$t$-test and likelihood ratio test for testing the regression coefficient

I am studying hypothesis testing for the regression coefficient, it is given that

The hypotheses for testing the significance of any individual regression coefficient, such as $$\beta_{j},$$ are $$H_{0}: \beta_{j}=0, \quad H_{1}: \beta_{j} \neq 0$$ If $$H_{0}: \beta_{j}=0$$ is not rejected, then this indicates that the regressor $$x_{j}$$ can be deleted from the model. The test statistic for this hypothesis is $$t_{0}=\frac{\hat{\beta}_{j}}{\sqrt{\hat{\sigma}^{2} C_{j j}}}=\frac{\hat{\beta}_{j}}{\operatorname{se}\left(\hat{\beta}_{j}\right)}$$ where $$C_{j j}$$ is the diagonal element of $$\left(\mathbf{X}^{\prime} \mathbf{X}\right)^{-1}$$ corresponding to $$\hat{\beta}_{j} .$$ The null hypothesis $$H_{0}: \beta_{j}=0$$ is rejected if $$\left|t_{0}\right|>t_{\alpha / 2, n-k-1}$$.
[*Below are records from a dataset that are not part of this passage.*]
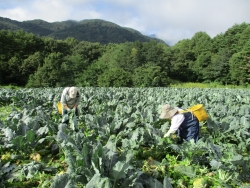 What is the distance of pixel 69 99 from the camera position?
6.38m

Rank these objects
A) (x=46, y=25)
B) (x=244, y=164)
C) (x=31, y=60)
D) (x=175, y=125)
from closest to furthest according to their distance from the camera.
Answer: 1. (x=244, y=164)
2. (x=175, y=125)
3. (x=31, y=60)
4. (x=46, y=25)

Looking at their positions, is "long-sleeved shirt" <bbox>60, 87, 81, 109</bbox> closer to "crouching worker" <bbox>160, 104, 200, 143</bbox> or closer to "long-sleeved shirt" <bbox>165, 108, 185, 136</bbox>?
"crouching worker" <bbox>160, 104, 200, 143</bbox>

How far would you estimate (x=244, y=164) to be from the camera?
3.23 m

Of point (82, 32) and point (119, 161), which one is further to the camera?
point (82, 32)

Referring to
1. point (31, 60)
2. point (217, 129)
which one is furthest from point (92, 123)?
point (31, 60)

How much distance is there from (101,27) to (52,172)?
7612 inches

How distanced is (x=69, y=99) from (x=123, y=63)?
188 ft

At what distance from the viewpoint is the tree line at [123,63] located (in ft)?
153

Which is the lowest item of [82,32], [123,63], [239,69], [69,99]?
[69,99]

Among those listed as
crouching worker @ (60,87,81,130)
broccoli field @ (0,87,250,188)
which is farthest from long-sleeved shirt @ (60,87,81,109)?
broccoli field @ (0,87,250,188)

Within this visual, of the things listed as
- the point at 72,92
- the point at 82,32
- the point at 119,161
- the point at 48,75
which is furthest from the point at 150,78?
Result: the point at 82,32

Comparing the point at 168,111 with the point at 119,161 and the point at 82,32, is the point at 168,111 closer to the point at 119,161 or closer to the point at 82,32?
the point at 119,161

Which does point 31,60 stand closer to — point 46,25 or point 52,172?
point 52,172

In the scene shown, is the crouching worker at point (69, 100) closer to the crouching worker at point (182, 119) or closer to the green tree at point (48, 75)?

1st question: It is just given that this $$t$$ is test statistics, but how to show/ prove that this hypothesis can be tested using the given $$t$$ - statistic.

Given the linear model $$G: \mathbf{Y}=\mathbf{X} \beta+\varepsilon,$$ where $$\mathbf{X}$$ is $$n \times p$$ of rank $$p$$ and $$\varepsilon \sim N_{n}\left(0, \sigma^{2} I_{n}\right),$$ we wish to test the hypothesis $$H: \mathbf{A} \beta=c,$$ where $$\mathbf{A}$$ is $$q \times p$$ of rank $$q$$.
The likelihood ratio test of $$H$$ is given by $$\Lambda=\frac{L\left(\hat{\beta}_{H}, \hat{\sigma}_{H}^{2}\right)}{L\left(\hat{\beta}, \hat{\sigma}^{2}\right)}=\left(\frac{\hat{\sigma}^{2}}{\hat{\sigma}_{H}^{2}}\right)^{n / 2}$$ and we can define $$F$$ statistic based on this ratio as $$F=\frac{n-p}{q}\left(\Lambda^{-2 / n}-1\right)$$ has an $$F_{q, n-p}$$ distribution when $$H$$ is true. We then reject $$H$$ when $$F$$ is too large.

2nd question: Can we prove that the likelihood ratio test is equivalent to the $$t$$-test in 1st question.

This is also true for your situation. You can transform the $$X$$ and $$\beta$$ in your equation $$Y=X\beta +\epsilon$$ such that $$\mathbf{A}\beta$$ is one of your parameters (*). And you can shift the Y-variable (subtract $$c\cdot \mathbf{A}\beta$$ from it) such that the test becomes $$\mathbf{A}\beta = 0$$. And then you have the same situation as typical regression where a t-test and F-test are the same.
(*) Example of that transformation: recently we had a question Confidence interval for the difference of two fitted values from a linear regression model The question was about the distribution/confidence interval of the difference in the expectation of two points $$\hat{y}_1$$ and $$\hat{y}_2$$ (which can be expressed as some linear sum of the $$\beta$$). By a transformation of the regressors, this can be made directly equivalent to the distribution of a parameter in the regression.